Solved: Using Intersect function

sfmike99 · ‎03-03-2021

I have a table of survey data with four fields of interest:

Respondent: unique identifier for each participant
QuestionRoot: fieldname to link data with questions
RowIndex: an index to the specific response chosen for that question
Value: the individual response to that question/response pair (0 or 1)

We have created a dashboard to allow exploration of the data. One question that often comes up however is of the form: "How many people who chose reponse 1 to question A also chose response 1 to question B?"

Here is an example which uses temporary tables and the Intersect function to answer the question: "What % of respondents who collect data on paper also store the data on paper?"

ManualCollectAndStore = 
    VAR ManualCollect = 
        CALCULATETABLE(
          DISTINCT('Raw Data'[Respondent]),
          FILTER('Raw Data',
            'Raw Data'[QuestionRoot] = "CollectMethod" && 'Raw Data'[RowIndex] = 1 && 'Raw Data'[Value] > 0
          )
    )
    VAR ManualStore = 
        CALCULATETABLE(
          DISTINCT('Raw Data'[Respondent]),
          FILTER('Raw Data',
            'Raw Data'[QuestionRoot] = "StorageMethod" && 'Raw Data'[RowIndex] = 1 && 'Raw Data'[Value] > 0
          )
    )
    RETURN
        COUNTROWS(INTERSECT(ManualCollect, ManualStore)) / 
        COUNTROWS(ManualCollect)

(Answer is 43.6% in case you are interested)
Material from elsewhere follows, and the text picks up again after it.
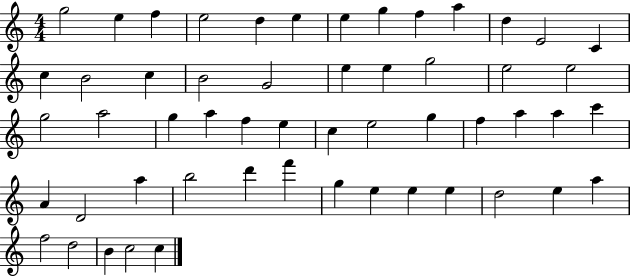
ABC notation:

Question 1: Make sense? Any suggestions?

Question 2: Is it possible in Power BI to generalize this to the entire dataset? In other words, allow the user to select any two question/response pairs and see the resulting intersect value?

Thanks for any guidance!

sfmike99 · ‎03-07-2021

Armed with the suggestion for disconnected tables and some head scratching time, I think I figured this out.
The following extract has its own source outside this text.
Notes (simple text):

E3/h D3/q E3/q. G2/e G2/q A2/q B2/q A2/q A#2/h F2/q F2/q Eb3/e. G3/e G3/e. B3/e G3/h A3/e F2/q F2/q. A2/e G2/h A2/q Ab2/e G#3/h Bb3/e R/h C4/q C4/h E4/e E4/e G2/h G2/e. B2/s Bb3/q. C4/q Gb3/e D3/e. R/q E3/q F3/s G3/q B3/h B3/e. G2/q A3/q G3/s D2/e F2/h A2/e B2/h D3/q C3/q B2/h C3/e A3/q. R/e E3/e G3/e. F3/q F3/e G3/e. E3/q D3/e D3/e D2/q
Solution was to clone the data table (QuestionA and QuestionB) and give each of them separate slicers for the questions and response options. I use DAX to create calculated tables based on the current selection for each, and use Intersect to get the numbers I need. The calculation works like this:

Numerator: everyone who chose selected question/response options for BOTH questions
Denominator: everyone who chose selected question/response for A and ANY response for B question

Here's the DAX:

PctRespAthenB = 
    VAR ThisResponseA = CALCULATETABLE(
        DISTINCT(QuestionA[Respondent]),
        ALLEXCEPT(QuestionA, QuestionA[QuestionRoot], QuestionA[RowIndex])
    )
    VAR ThisResponseB = CALCULATETABLE(
        DISTINCT(QuestionB[Respondent]),
        ALLEXCEPT(QuestionB, QuestionB[QuestionRoot], QuestionB[RowIndex])
    )
    VAR AllResponseB = CALCULATETABLE(
        DISTINCT(QuestionB[Respondent]),
        ALLEXCEPT(QuestionB, QuestionB[QuestionRoot])
    )
RETURN
   COUNTROWS(INTERSECT(ThisResponseA, ThisResponseB)) /
   COUNTROWS(INTERSECT(ThisResponseA, AllResponseB))

And here's how it looks in a rough version of report. I will swap in text for questions & responses later but you get the idea.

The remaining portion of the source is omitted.